Accepted:21 March 2019.

Su, H. Y. (2019).

HPM practice in Taiwan: A case study of HPM Tongxun (HPM Newsletter).

Taiwan Journal of Mathematics Education, 6(1), 1-26.

doi: 10.6278/tjme.201904_6(1).001

HPM Practice in Taiwan: A Case Study of HPM Tongxun (HPM Newsletter)

Hui‐Yu Su 

Taipei Municipal Xisong High School 

Since its inception in 1998, 798 articles have been published in 21 volumes and 185 issues of HPM Tongxun (HPM Newsletter). These articles have documented the process of development and evolution of HPM practice in Taiwan as well as changes in Taiwan’s mathematics education over the past 20 years. This article explores the evolution of HPM practice in relation to changes in mathematics education in Taiwan by discussing mathematics education research projects, seminar participation, syllabus transformation, and the connection between teaching activities and literacy for mathematics culture.

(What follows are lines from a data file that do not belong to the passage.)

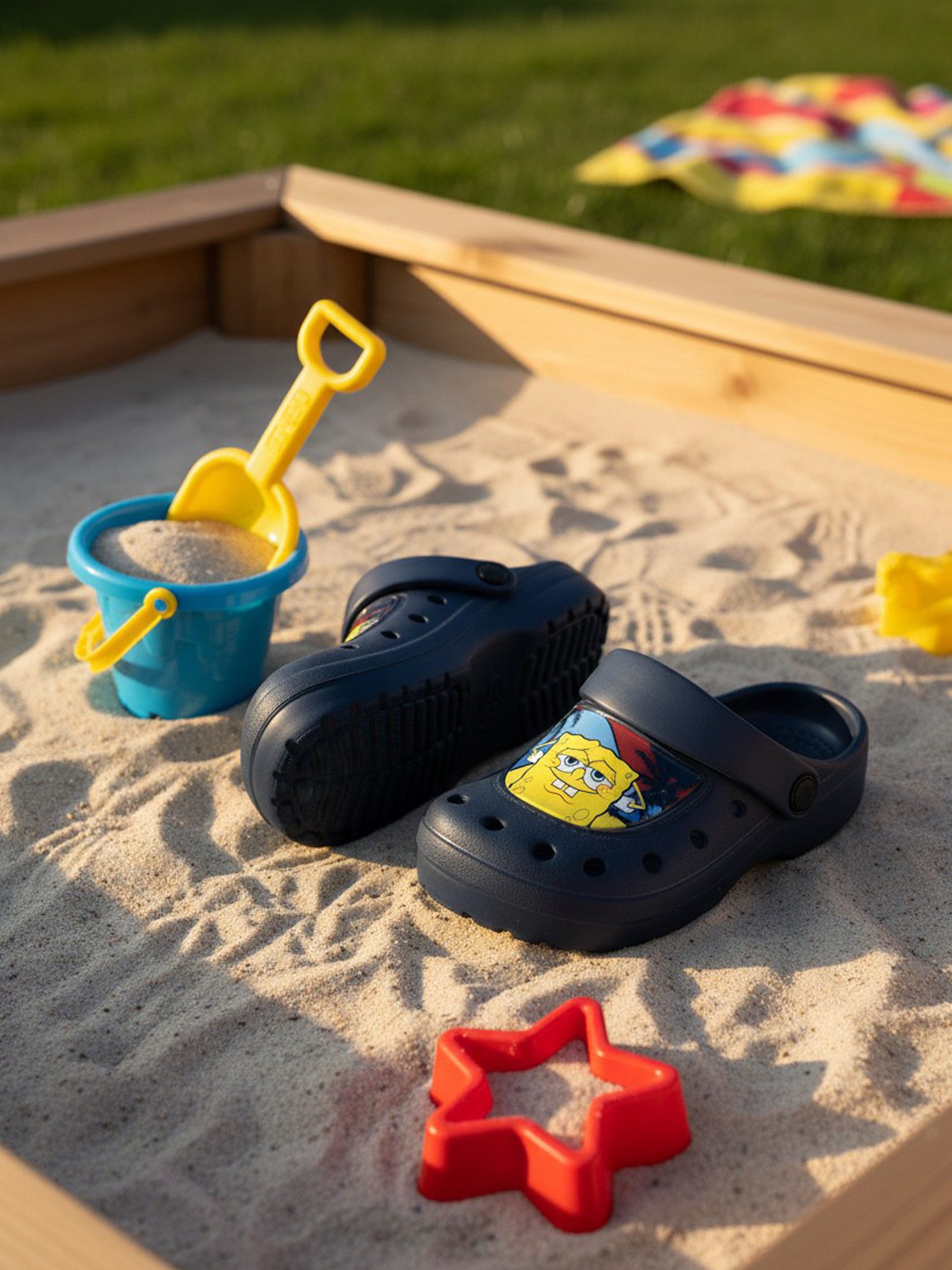 United Labels® Spongebob Schwammkopf Clogs Palme Sandalen Pantoletten Gartenschuhe Badesandale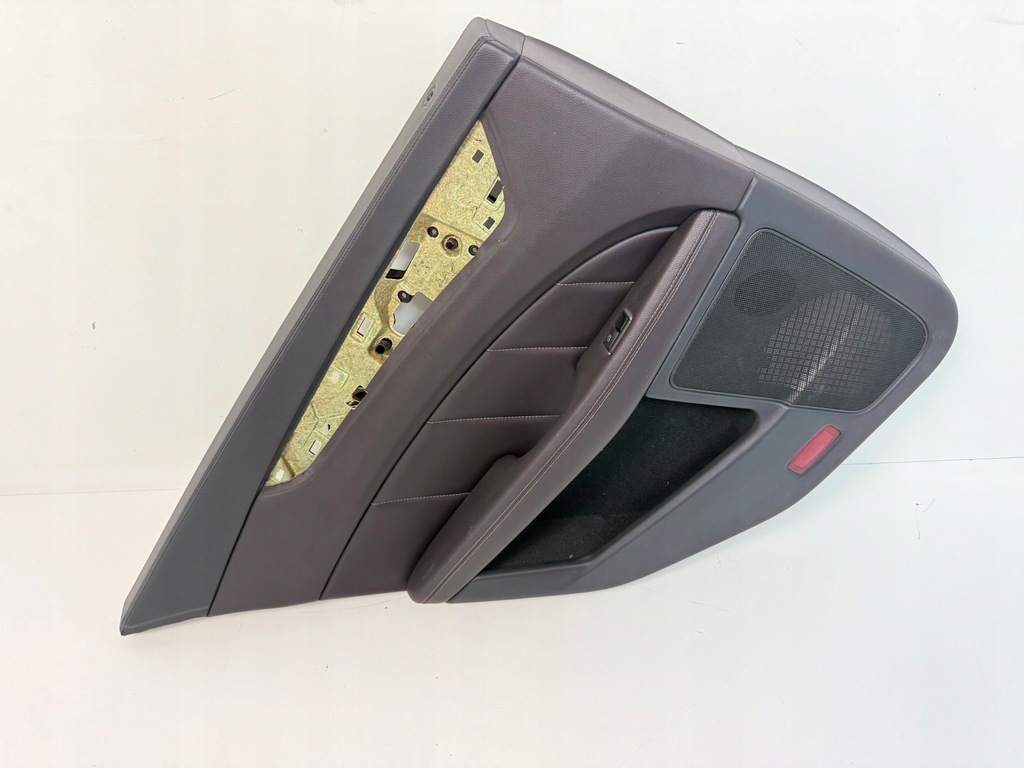 фото №1, Mercedes w218 cls обшивка задний левый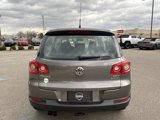 Used 2011 Volkswagen Tiguan S image 6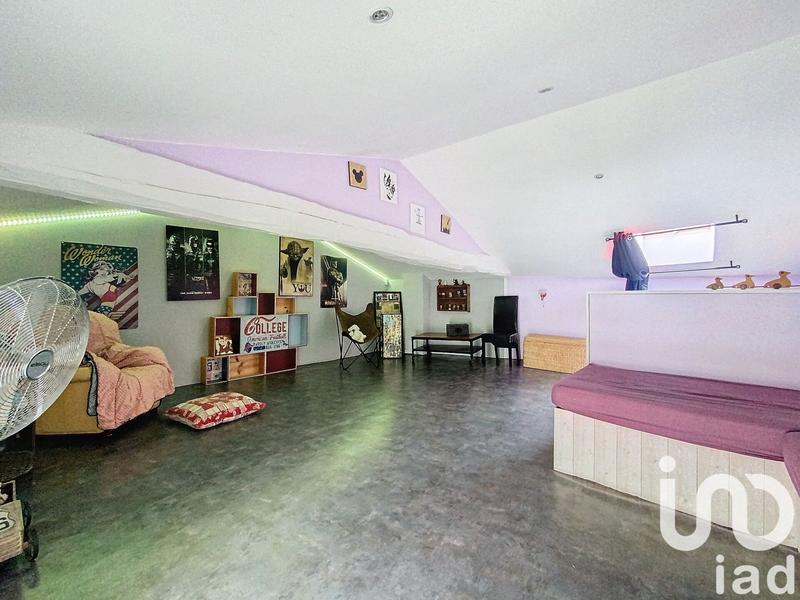 Maison - 225 m² - 8 pièces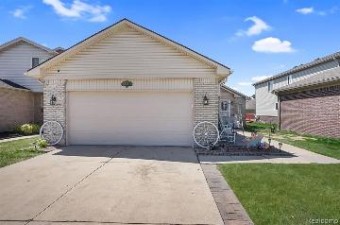 51383 D W Seaton Drive D Chesterfield Township, MI 48047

By analyzing the articles of HPM Newsletters, this study uses the teaching of logarithms as an example to explain the indicators of HPM practice, which integrates history into mathematics teaching, in Taiwan. Finally, the latest changes in approaches to HPM practice in Taiwan have incorporated mathematics and narrative characteristics. Such an approach to HPM practice is expected to provide new inspirations to curriculum designs for high school mathematics teachers in terms of the mathematical literacy emphasized by the new curriculum implemented in 2019.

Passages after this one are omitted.